According to the Pensions Regulator, by the end of August 2014 more than 4.4m workers working for 27,818 employers had been auto-enrolled into qualifying workplace pension schemes. 

We also know that Nest now has more than 1.5m active members. Together with the other major defined contribution pension providers, they estimate opt-out rates of less than 10 per cent, which is considerably lower than some had predicted.

There is clearly the possibility that opt-out rates will increase as the size of employers staging in future decreases. However, it seems unlikely that overall opt-out rates will increase substantially while member contributions are limited to the current 1 per cent minimum.

Auto-enrolment has been a success in terms of getting workers into a pension scheme and keeping them there, but opt-out rates do not tell the whole story.

There are a significant number of employees who are not eligible for auto-enrolment in the first place, and even more who are only making minimum contributions. 

It could therefore be argued in the longer term that member engagement will be a crucial measurement of the policy’s effectiveness.

The AE catchment

We estimate that one in three of those who were not in a pension before auto-enrolment will not be eligible jobholders – largely because they do not earn enough, but they also include those aged under 22 or over state pension age. 

Roughly half of these individuals could opt in if they wished and obtain an employer contribution, but have chosen not to.
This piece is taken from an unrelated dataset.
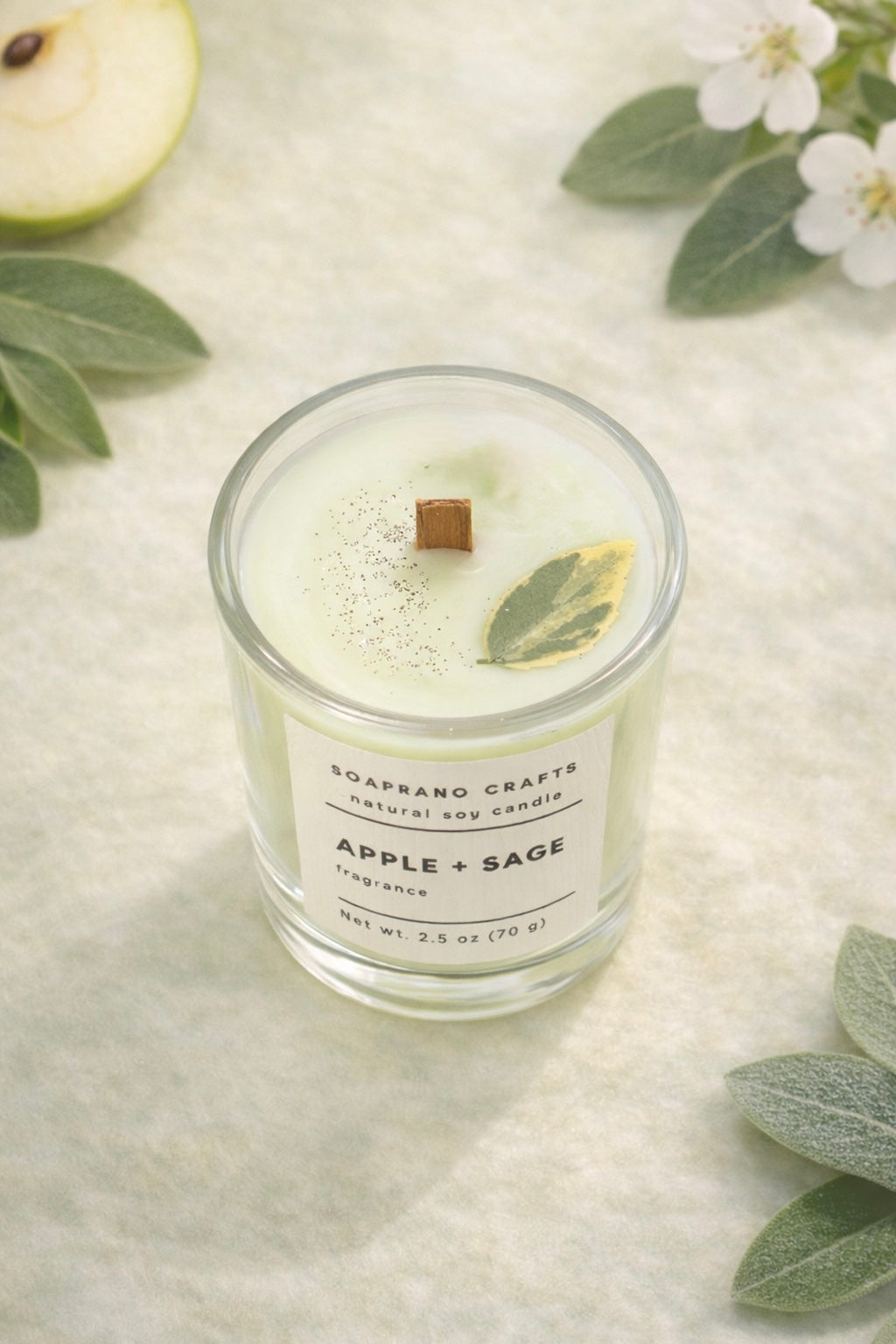 Apple and Sage Candle(2.5oz)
In practice this may be a good thing as their state pension will give them a significant proportion of pre-retirement earnings and, if you did include them, the administration costs would in many cases be greater than the contributions. 
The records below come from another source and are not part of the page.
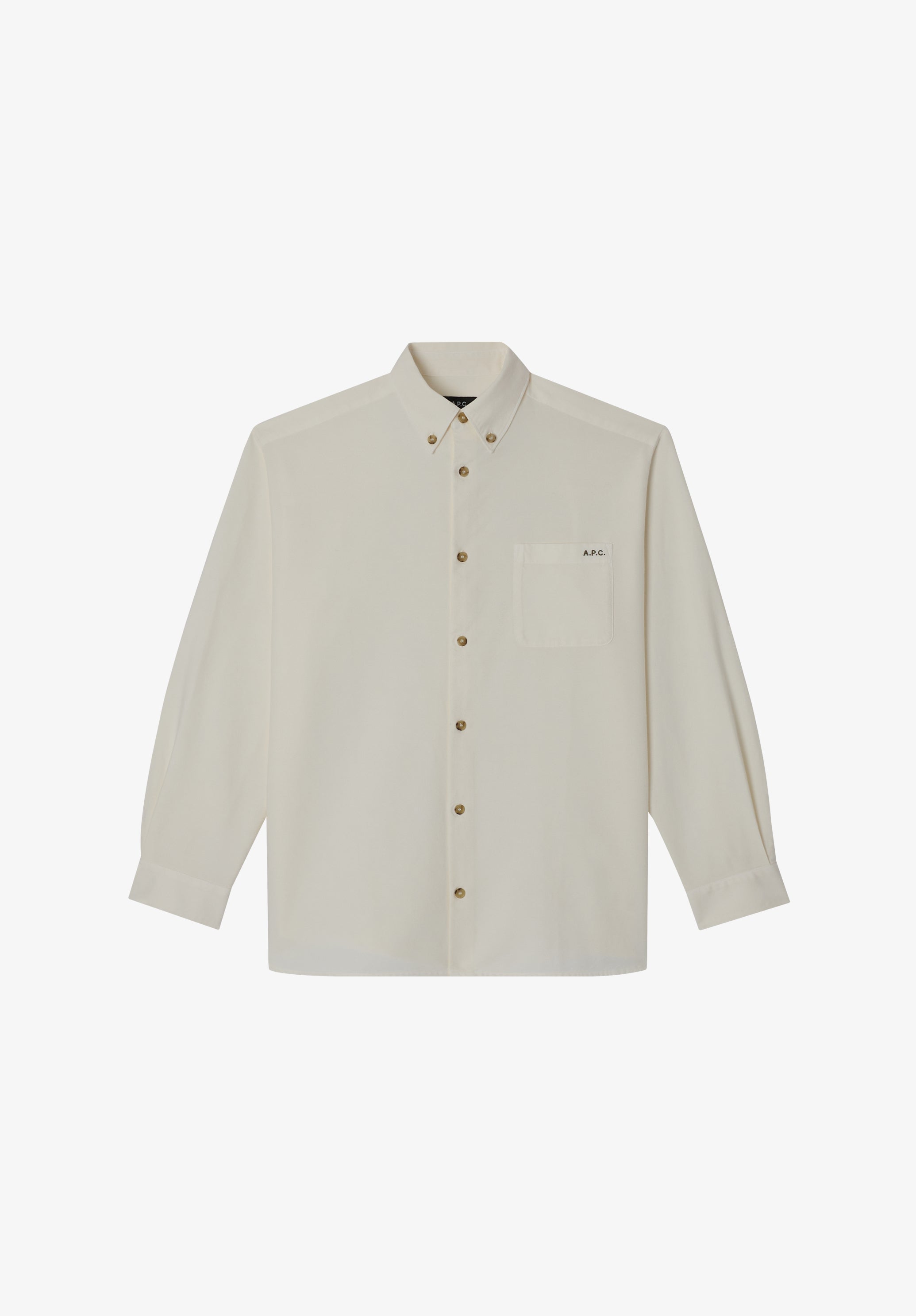 Mateo Logo shirt | Dyed organic Oxford cloth | A.P.C. Ready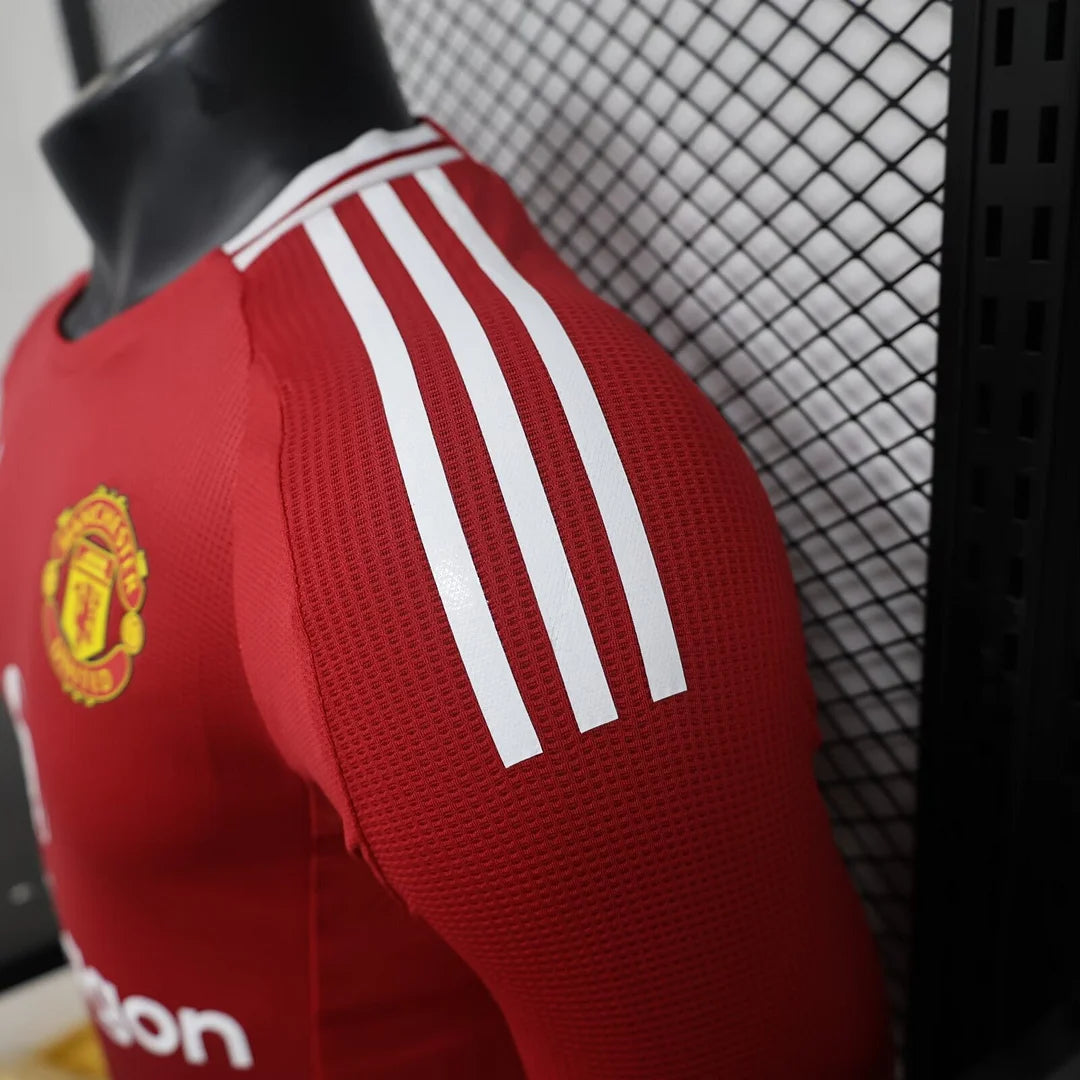 2024/2025 Manchester United Home Long Sleeve Player Version Football Shirt
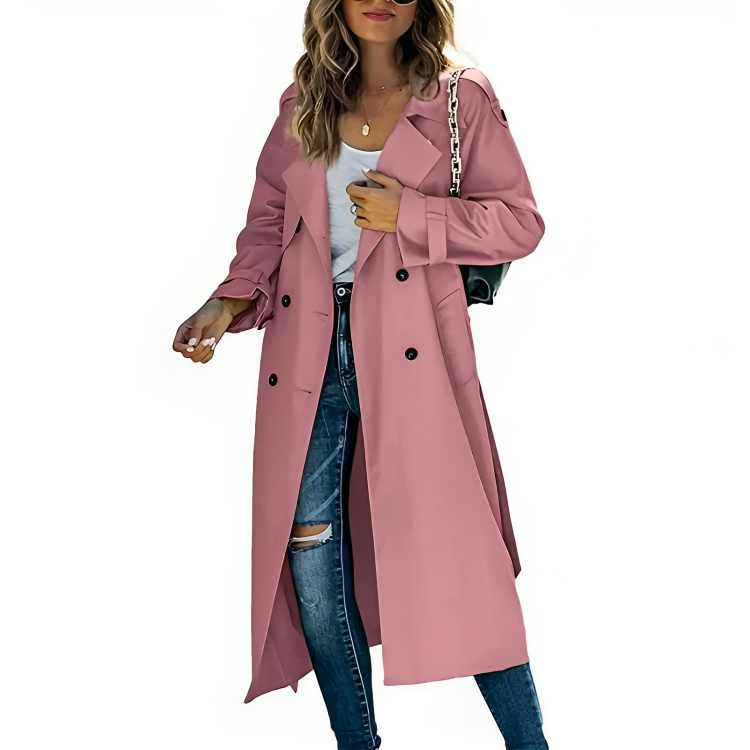 Mila | Women's Winter Trench Coat with Buttons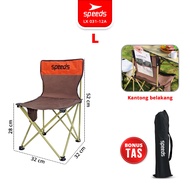 SPEEDS Kursi Lipat Kemah Outdoor Portabel Camping Folding Chair LX 031-14A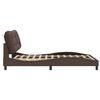 vidaXL Bed Frame without Mattress "Hvar" Brown 140x190 cm Faux Leather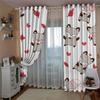 Curtains, Foxes, Zebras, Monkeys, Etc. Tiling Diagram Series Digital Printing High-Density Blackout Curtains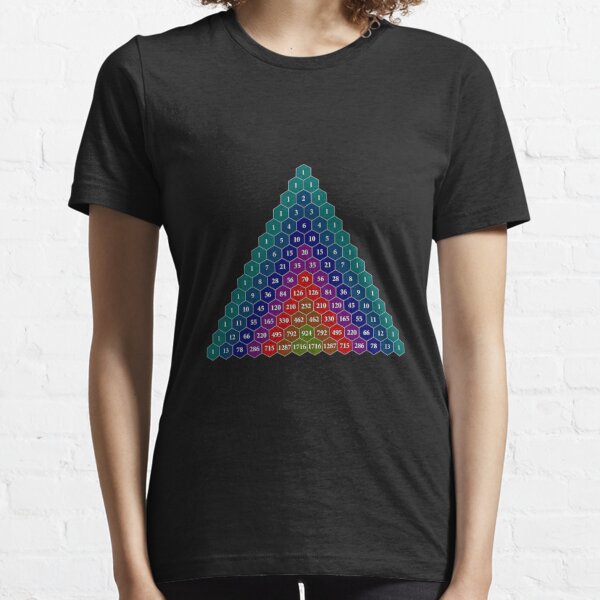 Pascal&#39;s triangle. Each number is the sum of the two numbers directly above it Essential T-Shirt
Even so, we should be careful that too many workers are not excluded in the long term. Research into this group and their income progression over time would be helpful.
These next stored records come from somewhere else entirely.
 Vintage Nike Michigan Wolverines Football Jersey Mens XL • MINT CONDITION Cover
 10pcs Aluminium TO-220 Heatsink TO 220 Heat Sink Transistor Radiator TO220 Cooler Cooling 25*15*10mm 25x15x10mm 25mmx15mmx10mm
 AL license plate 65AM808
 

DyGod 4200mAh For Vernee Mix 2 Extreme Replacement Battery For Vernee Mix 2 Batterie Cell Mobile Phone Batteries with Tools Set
The 2014 Budget changes have also had a positive effect. Anecdotal evidence is that member engagement has increased (albeit from a very low starting point) since the changes were announced. However, there is clearly a danger of misunderstanding and confusion over the tax treatment of the various new options. 

The Budget could encourage members to make additional contributions above the minimum qualifying amounts. Many employers are auto-enrolling only at the minimum requirements (matching 1 per cent qualifying earnings), but will match contributions to a significantly higher limit within their auto-enrolment scheme. 

This would be a policy success for auto-enrolment, but employers might not see an increase in their contributions in such positive light. Employers will wish to obtain some business benefit from higher contribution costs – greater employee engagement should lead to lower staff turnover and thus to higher profits – but effective communication is needed to turn the kudos of higher contributions into genuinely greater engagement.

Another metric of policy success must be employer compliance. So far this has been overwhelmingly positive. The vast majority of employers who have staged so far have tried to abide by both the letter and the spirit of the regulations. Where there have been failures they have mostly been as a result of overly complicated regulations.

However, this might not always be the case. As we move to bringing smaller employers into auto-enrolment, there is a danger some may feel the chances of being caught are low enough that non-compliance is a viable business strategy. 

In practice we do not believe this will be the case, and any employer who thinks they can get away with 'forgetting' to auto-enrol their eligible jobholders is in for a nasty surprise. Between the regulator’s intelligence unit, audit procedures and whistle-blowing, it is difficult to see how any employer will avoid being caught out. 

Auto-enrolment has been a success and will probably continue to be so, thanks in part to the 2014 Budget. The challenge will be to ensure even greater participation by both employees and employers.